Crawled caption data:
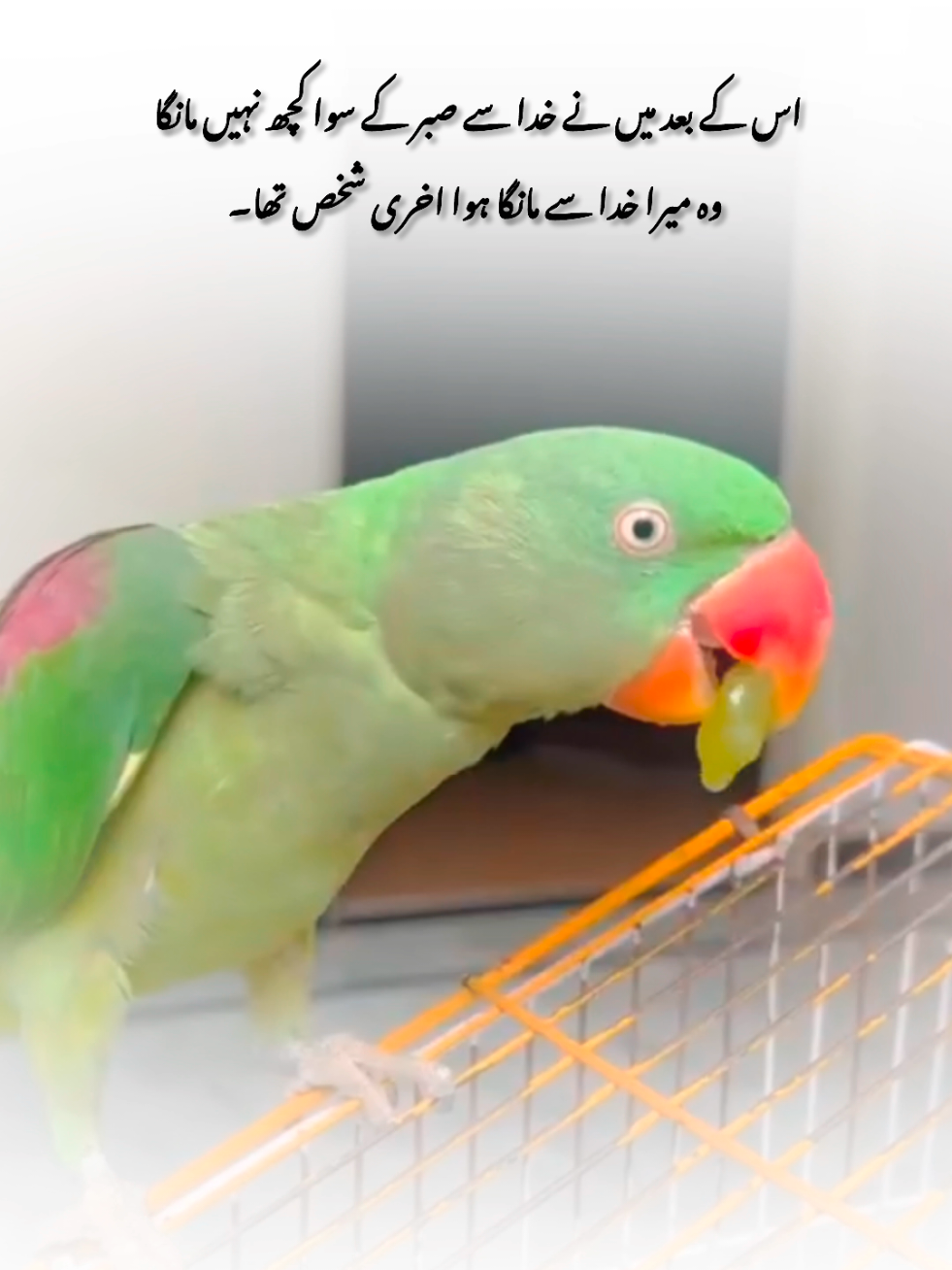❤️‍🩹🥹#foryou #flypシ #1millionaudition #poetry #myousaf 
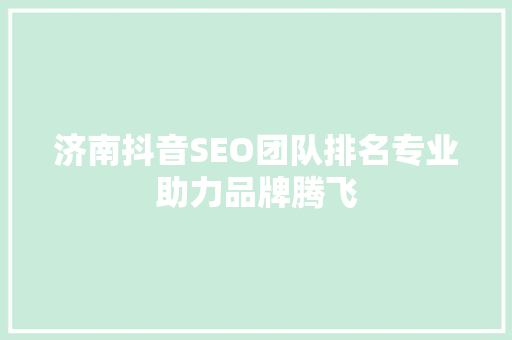 济南抖音SEO团队排名专业助力品牌腾飞 小程序开发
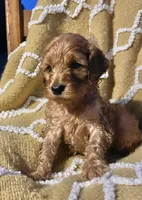 Basil , a female Cockapoo for sale in Abbeville, SC – 9 of 10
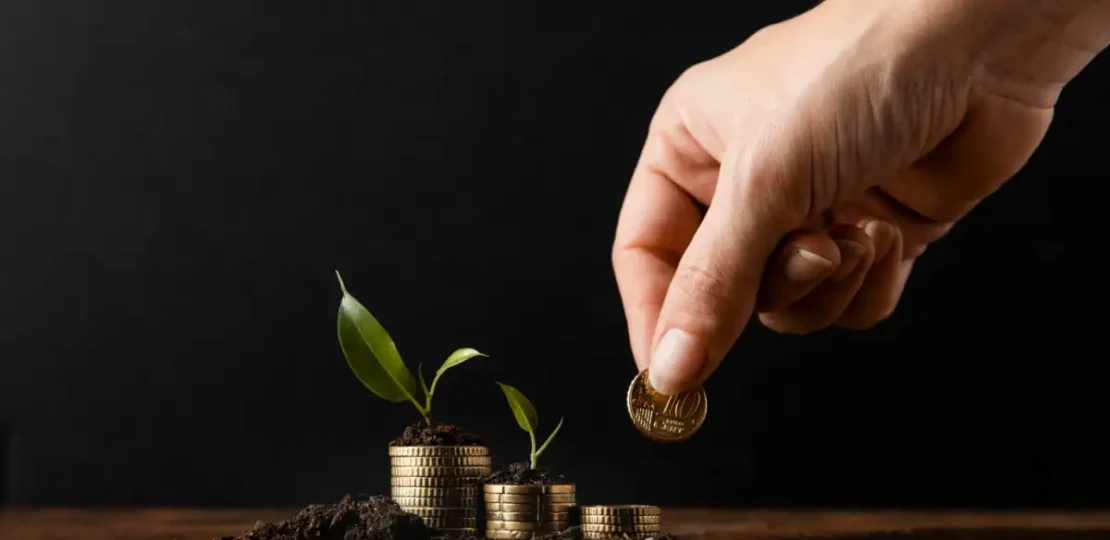Investir com Pouco Dinheiro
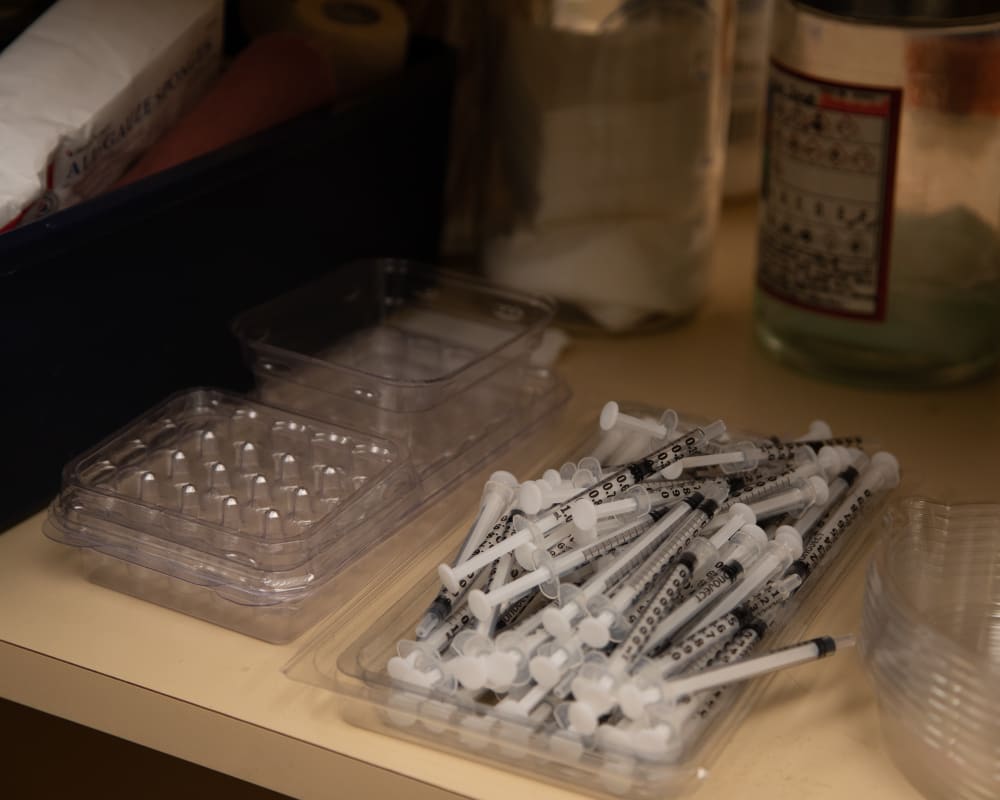 Vaccinations & Parasite Prevention | Sharon Lakes Animal Hospital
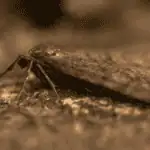 Jak chránit ovocné stromy před píďalkou podzimní?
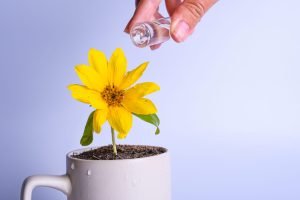 Água, Semente da Vida: Transformando o Semiárido Potiguar com Inovação e Sustentabilidade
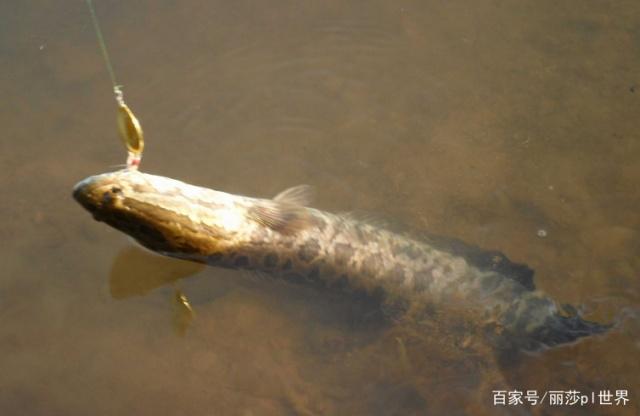 夏季黑魚很好釣，只要掌握這幾點，大黑魚一釣一個準！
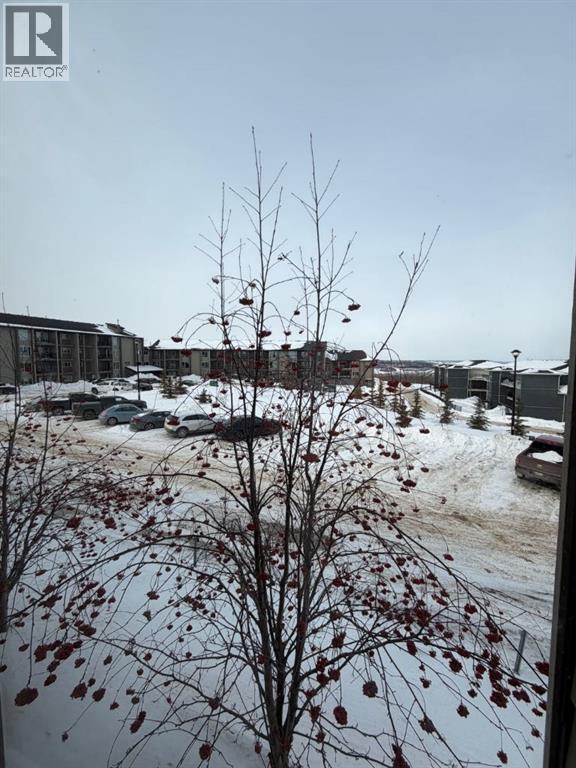 1023, 201 Abasand Drive, Fort Mcmurray, Alberta  T9J 1J1 - Photo 9 - A2304437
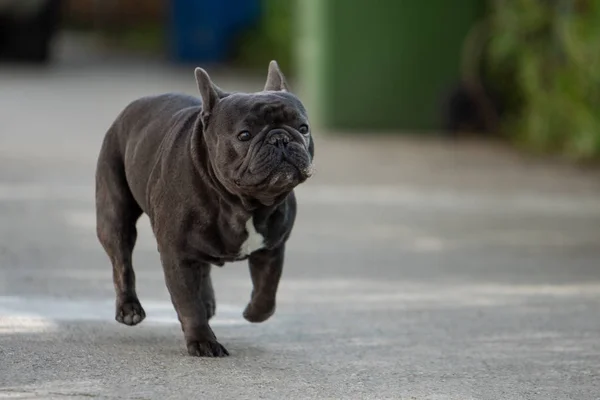 Zbliżenie na zewnątrz strzał z francuskiego Bulldog PET bez smyczy. Obrazy Stockowe bez tantiem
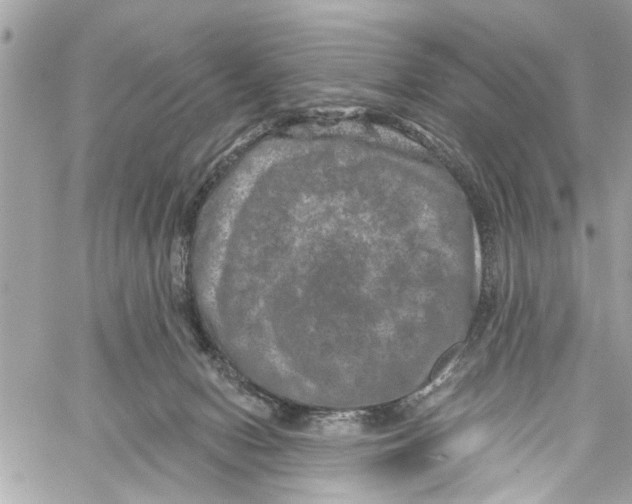 X0000059840078200511181524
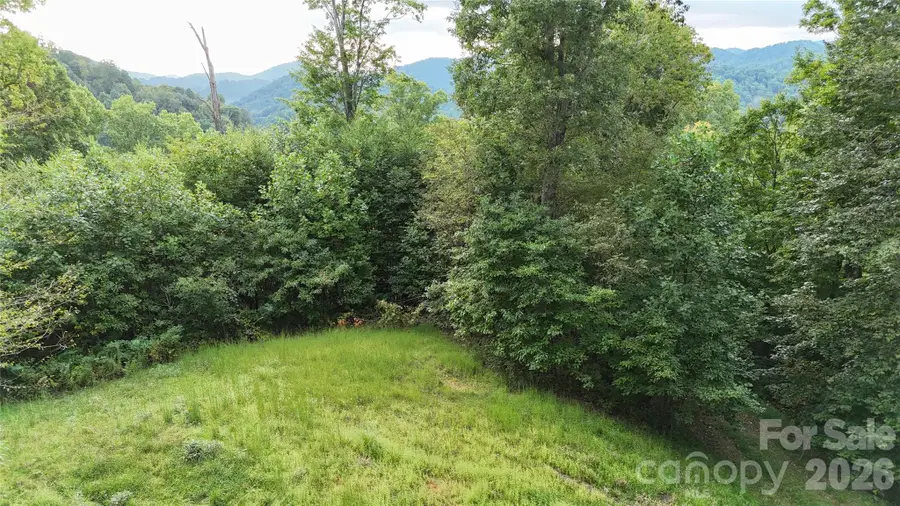 200 and 201 Fern Hill Drive, Mars Hill, NC 28754 - #3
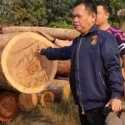 Bongkar Pembalakan Liar di Hutan Produksi Muba, Polisi Sita Ratusan Batang Kayu Log
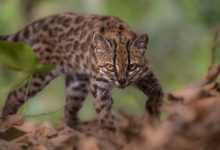 Leopardus tilcayo, the newly discovered tiny tiger cat species found in Bolivia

ASSIGNMENT: Could you write out again, exactly, the lines from the line containing "济南抖音SEO团队排名专业助力品牌腾飞 小程序开发" through the last line of the records above? Leave out the pictures.

WRITTEN SOLUTION:
 济南抖音SEO团队排名专业助力品牌腾飞 小程序开发
 Basil , a female Cockapoo for sale in Abbeville, SC – 9 of 10
Investir com Pouco Dinheiro
 Vaccinations & Parasite Prevention | Sharon Lakes Animal Hospital
 Jak chránit ovocné stromy před píďalkou podzimní?
 Água, Semente da Vida: Transformando o Semiárido Potiguar com Inovação e Sustentabilidade
 夏季黑魚很好釣，只要掌握這幾點，大黑魚一釣一個準！
 1023, 201 Abasand Drive, Fort Mcmurray, Alberta  T9J 1J1 - Photo 9 - A2304437
 Zbliżenie na zewnątrz strzał z francuskiego Bulldog PET bez smyczy. Obrazy Stockowe bez tantiem
 X0000059840078200511181524
 200 and 201 Fern Hill Drive, Mars Hill, NC 28754 - #3
 Bongkar Pembalakan Liar di Hutan Produksi Muba, Polisi Sita Ratusan Batang Kayu Log
 Leopardus tilcayo, the newly discovered tiny tiger cat species found in Bolivia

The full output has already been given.